I have several direct to disc albums. Between songs, you can clearly hear as the musicians would change the music. Various noises, breaths, etc are present. Sonically, they were the pinnacle for vinyl records in their time. Musically, many were just ok. Many were mediocre. A few were very good. I remember reading about sessions being ruined by a simple mistake. A cough, a dropped object, someone's miscue. That's all it took to scrap a side. Playing 15 to 20mins without a flaw is tough, there's no going back and fixing it. Toss it and start over, and pay the musicians for extra time, along with the mastering engineer, mixing engineer, another cutting lacquer. It can get expensive, and you only end up with a few thousand copies from the 6 or 8 stampers made from the single master and maybe 2 or 3 mothers. Since they were going for a premium product, numbers were more conservative than your normal commercial records.
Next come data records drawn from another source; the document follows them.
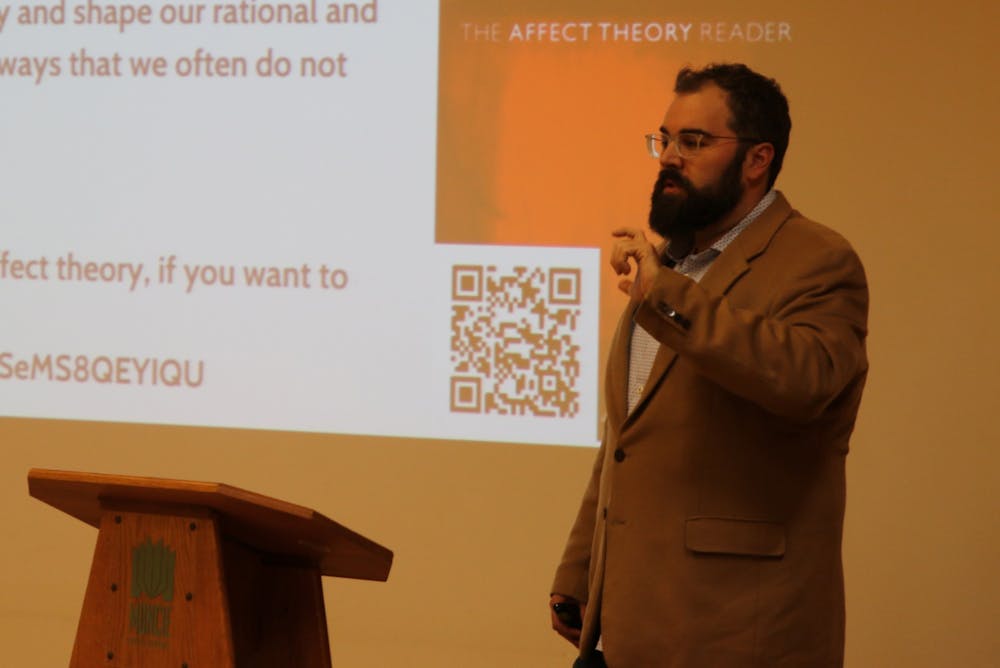<p>Dr. Matthew R. Hotham, an assistant professor of religious studies, speaks at the Muncie Kennedy Library Branch in the program &quot;Big Questions, Big Ideas.&quot; Hotham spoke about dogs and Islamophobia in Europe and North America. <strong>Elijah Poe, DN</strong></p>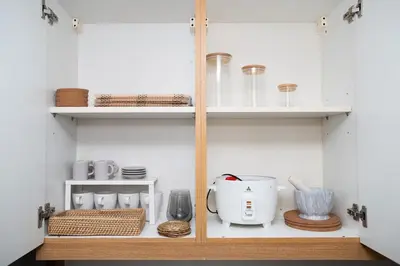 a kitchen with white cabinets and a counter with utensils at Brand New Unit Shell Residences 1BR Near MOA NAIA in Manila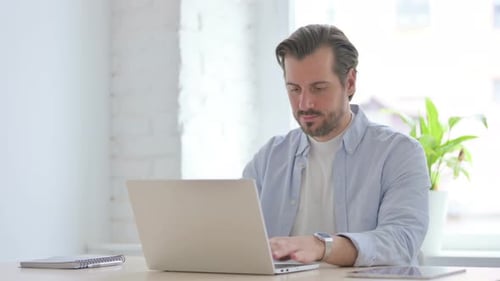 Young Man Working on Laptop in Office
There are lots of things I don't miss about records... cleaning the record before playing, clicks and pops, wow from a slightly warped disc, adjusting the cartridge to get the optimum angle, getting up every 20 minutes to change the record.
Once digital tape came into play, you got almost all of the advantages of a D2D setup, but you could make as many as you want. Just play the tape back and make a new master when you need it.
RE mixing on "Sh*tty Speakers":
There were quite a few magazines about audio back in the day. Audio, Stereo Review, HiFidelity, HiFi News & Record Review, Absolute Sound, Stereophile, Audio Critic, What HiFi. They often had interviews with record producers, engineers, etc. I don't ever remember a producer or engineer saying "I make sure I check the mix on a shitty system so it sounds ok on lousy stereos", or "I always check my mixes on a transistor radio" since in the early 60s, eveyone had a transistor radio, strictly AM and with a 1.5 or 2 inch speaker. If you were a serious music lover, you were expected to have made a moderate effort to assemble a quality system.
The change in the audio industry was MASSIVE over the 10 yr period from 1958 to 1968. There are archives of magazine from that period on the internet. Heck in 1958, stereo records were a rarity! I wish some of the younger people would go back and see how things have changed since those days. It might give some perspective on how things used to be done.